The flight from Washington had been routine. Routine for Rodgers, anyway. That invariably meant planning for conflict. The difference was that for the first time in his life, he was sizing up Americans. He was talking to Kat Lock-ley, trying to find out what she knew and what she might be hiding. Either she was very good at deception, or she was very innocent. He could not decide which. He was hoping it was the latter. In fact, he hoped this entire thing turned out to be a misunderstanding of some sort. Being away from Washington made him inherently less distrustful. The murderer of William Wilson was probably a former lover or a business rival. The EM attack on Op-Center may have been long planned, the timing coincidental. He still believed it was executed by a group or nation the NCMC had crossed. At least, Rodgers wanted to believe that. One of the failures of Homeland Security was that it presumed when the moat was drawn, only good guys remained in the castle.

Kat planted her ear to her cell phone the instant she left the plane.

She said she had to talk to Eric Stone and to Kendra to see how everything was going.

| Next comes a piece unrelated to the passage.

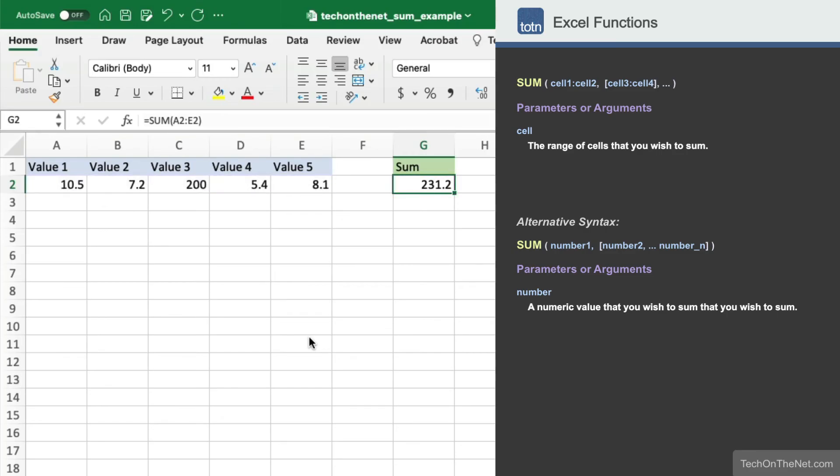This covers a few basic examples of how to use the Excel SUM function. If you would like to see more examples, or would like to download the sample data we used for this tutorial, please visit our website at techonthenet.com.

The senator had no plans for that morning. The convention opened in the evening, but the senator's big night was not until the next day. He would make a speech and then, on Friday, the convention would select a candidate. Kat said she wanted to make sure that everything was going as planned.

Rodgers walked away from where Kat was sitting. He went to a quiet corner at an empty gate and stood with his back against a wall. It felt good to stand after being in the crowded plane. People were rushing about, but the general felt disconnected from their urgency. He had always felt that way in combat, too. There was a tightrope strung between himself and the outcome, with potential enemies everywhere. He had to be very attentive to each step. This investigation was like that in a way because of what the outcome meant to him personally and professionally. Rodgers felt apprehensive as he punched in the number.

He did not think Darrell or Maria was calling to find out if Kat had told him anything. Rodgers would have called from a phone on the airplane if he had intel. The call probably meant the McCaskeys had information for him. Maybe they had found the killer, an angry former employee or maltreated valet.